What the task requires: When a line in the entries contains the word "Gallery", copy that line in full.

# # # #

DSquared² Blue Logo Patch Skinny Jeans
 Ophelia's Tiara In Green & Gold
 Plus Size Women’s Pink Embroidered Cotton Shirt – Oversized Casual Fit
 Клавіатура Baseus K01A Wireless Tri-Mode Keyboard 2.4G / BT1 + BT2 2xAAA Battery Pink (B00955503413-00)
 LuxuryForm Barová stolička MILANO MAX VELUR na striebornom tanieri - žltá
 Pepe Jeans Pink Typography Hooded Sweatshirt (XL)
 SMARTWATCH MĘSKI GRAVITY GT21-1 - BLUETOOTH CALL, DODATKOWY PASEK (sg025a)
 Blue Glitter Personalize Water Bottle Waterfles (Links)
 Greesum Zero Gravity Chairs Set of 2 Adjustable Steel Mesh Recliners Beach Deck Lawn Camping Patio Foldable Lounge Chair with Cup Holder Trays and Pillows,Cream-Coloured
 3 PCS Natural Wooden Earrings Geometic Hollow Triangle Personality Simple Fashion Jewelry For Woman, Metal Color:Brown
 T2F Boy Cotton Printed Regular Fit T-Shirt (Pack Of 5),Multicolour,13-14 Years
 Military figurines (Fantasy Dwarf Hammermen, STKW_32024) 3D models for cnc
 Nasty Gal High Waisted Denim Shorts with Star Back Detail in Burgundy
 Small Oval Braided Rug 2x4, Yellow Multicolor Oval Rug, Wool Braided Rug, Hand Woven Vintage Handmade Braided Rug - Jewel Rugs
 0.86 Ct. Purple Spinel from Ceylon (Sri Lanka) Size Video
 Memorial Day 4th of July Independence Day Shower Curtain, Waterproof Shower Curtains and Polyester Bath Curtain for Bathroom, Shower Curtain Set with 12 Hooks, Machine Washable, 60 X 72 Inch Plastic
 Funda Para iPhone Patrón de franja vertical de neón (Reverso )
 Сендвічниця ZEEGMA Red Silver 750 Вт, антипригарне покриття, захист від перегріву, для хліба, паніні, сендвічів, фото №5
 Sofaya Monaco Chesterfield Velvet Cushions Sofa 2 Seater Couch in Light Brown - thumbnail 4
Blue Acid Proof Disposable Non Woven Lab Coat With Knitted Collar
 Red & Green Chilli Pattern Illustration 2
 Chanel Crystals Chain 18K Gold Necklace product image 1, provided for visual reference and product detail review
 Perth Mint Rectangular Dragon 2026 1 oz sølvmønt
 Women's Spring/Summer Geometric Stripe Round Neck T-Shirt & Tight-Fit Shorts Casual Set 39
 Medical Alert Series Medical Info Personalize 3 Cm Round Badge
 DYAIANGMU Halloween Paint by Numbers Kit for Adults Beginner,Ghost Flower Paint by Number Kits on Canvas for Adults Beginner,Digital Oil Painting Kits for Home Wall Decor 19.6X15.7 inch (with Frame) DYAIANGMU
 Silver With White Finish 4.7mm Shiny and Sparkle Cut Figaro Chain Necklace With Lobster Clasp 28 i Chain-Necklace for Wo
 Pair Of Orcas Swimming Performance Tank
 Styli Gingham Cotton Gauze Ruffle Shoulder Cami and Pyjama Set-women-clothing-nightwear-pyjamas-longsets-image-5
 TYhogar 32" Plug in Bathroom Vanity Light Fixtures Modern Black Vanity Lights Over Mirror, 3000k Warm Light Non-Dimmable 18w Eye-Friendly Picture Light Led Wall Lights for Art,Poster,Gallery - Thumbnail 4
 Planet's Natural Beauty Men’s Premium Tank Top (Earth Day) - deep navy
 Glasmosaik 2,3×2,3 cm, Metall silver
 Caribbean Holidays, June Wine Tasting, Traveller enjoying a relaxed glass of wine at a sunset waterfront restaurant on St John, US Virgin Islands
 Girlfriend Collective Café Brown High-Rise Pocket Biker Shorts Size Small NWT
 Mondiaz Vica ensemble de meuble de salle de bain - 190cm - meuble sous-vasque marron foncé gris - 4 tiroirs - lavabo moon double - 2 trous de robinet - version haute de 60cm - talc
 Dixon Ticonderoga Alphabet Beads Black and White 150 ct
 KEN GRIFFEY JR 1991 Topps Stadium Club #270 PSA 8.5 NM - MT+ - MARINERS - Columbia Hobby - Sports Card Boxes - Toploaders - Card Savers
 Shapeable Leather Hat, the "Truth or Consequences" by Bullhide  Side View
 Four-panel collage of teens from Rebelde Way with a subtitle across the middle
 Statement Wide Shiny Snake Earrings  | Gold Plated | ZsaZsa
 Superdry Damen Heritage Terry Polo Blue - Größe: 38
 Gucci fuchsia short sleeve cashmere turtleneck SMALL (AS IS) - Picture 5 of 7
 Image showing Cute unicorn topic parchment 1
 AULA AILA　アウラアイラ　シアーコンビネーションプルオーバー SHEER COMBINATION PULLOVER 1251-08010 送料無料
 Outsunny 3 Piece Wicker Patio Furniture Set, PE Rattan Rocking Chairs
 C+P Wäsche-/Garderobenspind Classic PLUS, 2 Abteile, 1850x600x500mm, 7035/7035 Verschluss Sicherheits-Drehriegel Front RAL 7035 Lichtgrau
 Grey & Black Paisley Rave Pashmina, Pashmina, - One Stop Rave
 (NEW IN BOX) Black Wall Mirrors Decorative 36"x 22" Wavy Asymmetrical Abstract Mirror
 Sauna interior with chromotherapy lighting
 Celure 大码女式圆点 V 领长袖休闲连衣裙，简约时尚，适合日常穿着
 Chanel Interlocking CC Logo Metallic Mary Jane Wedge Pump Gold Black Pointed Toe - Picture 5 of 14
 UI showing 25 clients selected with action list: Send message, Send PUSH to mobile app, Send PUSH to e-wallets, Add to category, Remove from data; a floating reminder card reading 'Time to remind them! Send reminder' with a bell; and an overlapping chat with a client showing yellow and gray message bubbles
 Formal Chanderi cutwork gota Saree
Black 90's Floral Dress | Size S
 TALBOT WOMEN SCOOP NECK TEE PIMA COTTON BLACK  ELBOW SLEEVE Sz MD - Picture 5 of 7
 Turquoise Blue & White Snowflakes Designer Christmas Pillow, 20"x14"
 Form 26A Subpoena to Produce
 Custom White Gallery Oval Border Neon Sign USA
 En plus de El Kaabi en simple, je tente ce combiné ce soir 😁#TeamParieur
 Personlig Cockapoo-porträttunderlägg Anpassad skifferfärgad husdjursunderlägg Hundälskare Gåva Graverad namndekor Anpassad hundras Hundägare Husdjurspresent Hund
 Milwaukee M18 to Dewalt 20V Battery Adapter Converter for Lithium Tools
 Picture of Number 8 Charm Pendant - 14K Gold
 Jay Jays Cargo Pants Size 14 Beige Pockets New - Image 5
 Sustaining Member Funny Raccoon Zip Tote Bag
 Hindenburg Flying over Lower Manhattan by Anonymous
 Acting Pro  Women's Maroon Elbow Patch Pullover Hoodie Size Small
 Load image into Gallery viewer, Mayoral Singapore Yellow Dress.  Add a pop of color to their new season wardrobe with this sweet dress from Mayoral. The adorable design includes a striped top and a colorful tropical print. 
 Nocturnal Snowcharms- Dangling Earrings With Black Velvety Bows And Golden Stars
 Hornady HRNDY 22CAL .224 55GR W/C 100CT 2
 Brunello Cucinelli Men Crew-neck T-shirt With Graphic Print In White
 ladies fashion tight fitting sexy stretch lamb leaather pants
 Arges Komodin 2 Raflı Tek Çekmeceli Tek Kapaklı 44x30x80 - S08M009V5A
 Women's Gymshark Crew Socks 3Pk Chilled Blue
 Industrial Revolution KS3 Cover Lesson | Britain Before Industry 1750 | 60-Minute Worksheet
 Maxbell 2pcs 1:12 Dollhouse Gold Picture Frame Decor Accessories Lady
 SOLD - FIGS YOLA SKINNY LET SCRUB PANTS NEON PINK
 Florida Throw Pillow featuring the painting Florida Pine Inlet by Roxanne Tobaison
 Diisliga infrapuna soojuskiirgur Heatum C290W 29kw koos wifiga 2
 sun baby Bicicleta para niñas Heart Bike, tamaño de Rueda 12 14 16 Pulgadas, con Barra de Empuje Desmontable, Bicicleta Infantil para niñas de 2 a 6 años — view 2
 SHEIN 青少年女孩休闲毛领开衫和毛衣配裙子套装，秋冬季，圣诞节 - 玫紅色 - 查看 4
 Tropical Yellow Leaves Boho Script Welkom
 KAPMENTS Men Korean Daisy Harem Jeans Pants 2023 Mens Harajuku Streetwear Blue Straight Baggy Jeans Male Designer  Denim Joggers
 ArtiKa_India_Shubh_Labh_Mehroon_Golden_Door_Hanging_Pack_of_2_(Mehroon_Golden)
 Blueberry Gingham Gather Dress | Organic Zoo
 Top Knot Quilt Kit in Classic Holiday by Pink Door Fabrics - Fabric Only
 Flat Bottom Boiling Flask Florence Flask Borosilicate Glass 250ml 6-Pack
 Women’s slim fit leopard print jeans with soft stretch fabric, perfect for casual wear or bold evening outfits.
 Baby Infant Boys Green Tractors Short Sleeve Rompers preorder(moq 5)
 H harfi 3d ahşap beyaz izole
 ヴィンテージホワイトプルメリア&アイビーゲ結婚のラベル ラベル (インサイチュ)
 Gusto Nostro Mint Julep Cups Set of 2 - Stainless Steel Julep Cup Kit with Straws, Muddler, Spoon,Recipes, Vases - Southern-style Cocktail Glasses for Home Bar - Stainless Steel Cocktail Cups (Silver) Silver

# # # #

Response for this exercise:
 TYhogar 32" Plug in Bathroom Vanity Light Fixtures Modern Black Vanity Lights Over Mirror, 3000k Warm Light Non-Dimmable 18w Eye-Friendly Picture Light Led Wall Lights for Art,Poster,Gallery - Thumbnail 4
 Custom White Gallery Oval Border Neon Sign USA
 Load image into Gallery viewer, Mayoral Singapore Yellow Dress.  Add a pop of color to their new season wardrobe with this sweet dress from Mayoral. The adorable design includes a striped top and a colorful tropical print. 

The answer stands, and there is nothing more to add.